Da tale formulazione emerge che oggetto del precetto penale e’ la semplice omissione della presentazione della dichiarazione da parte del soggetto che vi e’ tenuto, al fine di evadere l’imposta, senza che assuma alcuna rilevanza la dimostrazione della produzione di un effettivo danno economico per l’amministrazione finanziaria. Ed e’ pacifico che la societa’ (OMISSIS), pur avendo sede legale nella Repubblica di (OMISSIS), fosse effettivamente tenuta alla presentazione della dichiarazione Iva in Italia. Quanto, poi, al dolo specifico di evasione, lo stesso risulta pienamente configurato dall’esterovestizione, meccanismo utilizzato proprio allo scopo di sottrarre la societa’ all’obbligo di presentazione della dichiarazione e corresponsione dell’imposta. E non assume alcuna rilevanza la circostanza che l’Iva sia un’imposta a carattere sostanzialmente neutro, perche’, ai fini del dolo specifico del reato per cui si procede, e’ sufficiente verificare la finalita’ di evasione dell’imposta da parte del soggetto formalmente obbligato alla presentazione della dichiarazione, senza che assuma alcuna rilevanza la circostanza che detta imposta sia in concreto dichiarata e corrisposta ad altri soggetti. Nel caso di specie, peraltro, neanche la difesa assume che l’imposta evasa dalla societa’ dell’imputato sia stata in concreto dichiarata e corrisposta dalle altre societa’ coinvolte nel meccanismo fraudolento.

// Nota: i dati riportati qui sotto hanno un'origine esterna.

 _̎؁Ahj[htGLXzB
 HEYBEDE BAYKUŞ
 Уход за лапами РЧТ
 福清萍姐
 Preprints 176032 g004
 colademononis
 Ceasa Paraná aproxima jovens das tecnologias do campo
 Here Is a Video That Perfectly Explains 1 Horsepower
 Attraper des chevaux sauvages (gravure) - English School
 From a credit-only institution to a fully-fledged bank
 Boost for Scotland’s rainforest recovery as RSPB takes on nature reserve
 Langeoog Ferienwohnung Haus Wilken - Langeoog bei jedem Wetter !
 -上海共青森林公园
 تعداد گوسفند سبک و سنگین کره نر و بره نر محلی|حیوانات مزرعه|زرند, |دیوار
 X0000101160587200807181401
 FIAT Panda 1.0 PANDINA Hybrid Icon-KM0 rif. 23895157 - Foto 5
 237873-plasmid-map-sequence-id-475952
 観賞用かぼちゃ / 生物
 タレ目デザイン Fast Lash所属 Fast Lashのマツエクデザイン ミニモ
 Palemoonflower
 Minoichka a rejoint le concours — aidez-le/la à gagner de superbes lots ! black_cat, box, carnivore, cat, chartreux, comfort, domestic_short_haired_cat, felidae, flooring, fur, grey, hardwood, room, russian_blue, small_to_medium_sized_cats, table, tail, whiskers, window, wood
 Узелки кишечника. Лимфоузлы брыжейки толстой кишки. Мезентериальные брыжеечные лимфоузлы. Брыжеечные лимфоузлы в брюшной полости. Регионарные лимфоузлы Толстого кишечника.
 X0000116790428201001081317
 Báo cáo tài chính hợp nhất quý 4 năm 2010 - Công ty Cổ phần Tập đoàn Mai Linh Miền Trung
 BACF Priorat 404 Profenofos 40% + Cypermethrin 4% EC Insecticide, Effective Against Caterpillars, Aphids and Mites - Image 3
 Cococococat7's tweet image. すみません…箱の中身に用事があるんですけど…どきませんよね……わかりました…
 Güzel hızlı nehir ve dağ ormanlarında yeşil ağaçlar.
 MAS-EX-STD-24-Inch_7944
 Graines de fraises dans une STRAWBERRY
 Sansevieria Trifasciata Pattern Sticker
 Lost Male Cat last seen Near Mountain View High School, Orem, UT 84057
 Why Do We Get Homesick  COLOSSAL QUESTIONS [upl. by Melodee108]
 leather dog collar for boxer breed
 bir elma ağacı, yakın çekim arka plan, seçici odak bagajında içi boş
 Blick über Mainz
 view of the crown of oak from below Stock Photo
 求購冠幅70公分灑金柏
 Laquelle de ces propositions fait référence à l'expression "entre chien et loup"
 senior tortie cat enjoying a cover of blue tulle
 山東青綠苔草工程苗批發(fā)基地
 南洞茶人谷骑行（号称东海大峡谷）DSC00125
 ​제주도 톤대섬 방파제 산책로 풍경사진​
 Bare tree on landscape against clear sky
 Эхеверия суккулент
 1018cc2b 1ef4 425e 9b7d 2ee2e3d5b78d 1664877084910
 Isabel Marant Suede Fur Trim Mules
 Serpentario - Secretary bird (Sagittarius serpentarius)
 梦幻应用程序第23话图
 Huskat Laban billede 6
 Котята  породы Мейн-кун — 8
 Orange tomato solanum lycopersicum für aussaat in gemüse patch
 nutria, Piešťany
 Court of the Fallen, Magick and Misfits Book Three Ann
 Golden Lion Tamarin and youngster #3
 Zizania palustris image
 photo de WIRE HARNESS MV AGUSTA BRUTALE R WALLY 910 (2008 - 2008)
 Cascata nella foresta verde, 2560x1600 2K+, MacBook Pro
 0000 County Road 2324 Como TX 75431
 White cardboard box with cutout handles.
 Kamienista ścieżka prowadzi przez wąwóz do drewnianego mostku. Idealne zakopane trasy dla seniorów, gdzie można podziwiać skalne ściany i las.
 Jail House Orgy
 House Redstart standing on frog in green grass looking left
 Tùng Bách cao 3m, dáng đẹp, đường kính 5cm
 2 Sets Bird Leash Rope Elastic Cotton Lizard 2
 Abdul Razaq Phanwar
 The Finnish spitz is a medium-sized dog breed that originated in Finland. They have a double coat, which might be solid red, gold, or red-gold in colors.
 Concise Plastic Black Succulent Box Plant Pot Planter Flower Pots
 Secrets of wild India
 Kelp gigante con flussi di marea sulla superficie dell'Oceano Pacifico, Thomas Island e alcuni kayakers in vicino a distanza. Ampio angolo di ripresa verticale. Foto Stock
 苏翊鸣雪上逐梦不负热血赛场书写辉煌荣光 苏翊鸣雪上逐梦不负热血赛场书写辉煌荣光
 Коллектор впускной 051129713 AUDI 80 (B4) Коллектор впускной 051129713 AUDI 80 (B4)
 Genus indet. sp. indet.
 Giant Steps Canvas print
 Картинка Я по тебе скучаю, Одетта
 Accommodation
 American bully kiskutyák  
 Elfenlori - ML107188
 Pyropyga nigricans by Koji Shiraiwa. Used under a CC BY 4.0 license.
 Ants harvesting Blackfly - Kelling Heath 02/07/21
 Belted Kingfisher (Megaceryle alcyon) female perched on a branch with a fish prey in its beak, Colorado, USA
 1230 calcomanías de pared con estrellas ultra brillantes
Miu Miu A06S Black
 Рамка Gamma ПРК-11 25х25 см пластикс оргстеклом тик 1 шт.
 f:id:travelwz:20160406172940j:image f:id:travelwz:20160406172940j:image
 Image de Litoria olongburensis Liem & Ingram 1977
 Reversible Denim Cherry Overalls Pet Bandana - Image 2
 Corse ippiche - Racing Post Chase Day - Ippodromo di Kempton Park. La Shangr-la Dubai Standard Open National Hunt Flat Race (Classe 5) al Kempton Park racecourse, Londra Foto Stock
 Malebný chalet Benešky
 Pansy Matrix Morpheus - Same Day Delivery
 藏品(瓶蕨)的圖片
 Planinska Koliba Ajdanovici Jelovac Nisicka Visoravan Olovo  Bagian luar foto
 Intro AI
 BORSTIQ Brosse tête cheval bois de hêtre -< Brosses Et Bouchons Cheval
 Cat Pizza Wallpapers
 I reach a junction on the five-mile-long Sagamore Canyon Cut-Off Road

4. – Il ricorso, conseguentemente, deve essere dichiarato inammissibile. Tenuto conto della sentenza 13 giugno 2000, n. 186, della Corte costituzionale e rilevato che, nella fattispecie, non sussistono elementi per ritenere che “la parte abbia proposto il ricorso senza versare in colpa nella determinazione della causa di inammissibilita’”, alla declaratoria dell’inammissibilita’ medesima consegue, a norma dell’articolo 616 c.p.p., l’onere delle spese del procedimento nonche’ quello del versamento della somma, in favore della Cassa delle ammende, equitativamente fissata in Euro 2.000,00.

P.Q.M.

Dichiara inammissibile il ricorso e condanna il ricorrente al pagamento delle spese processuali e della somma di Euro 2.000,00 in favore della Cassa delle ammende.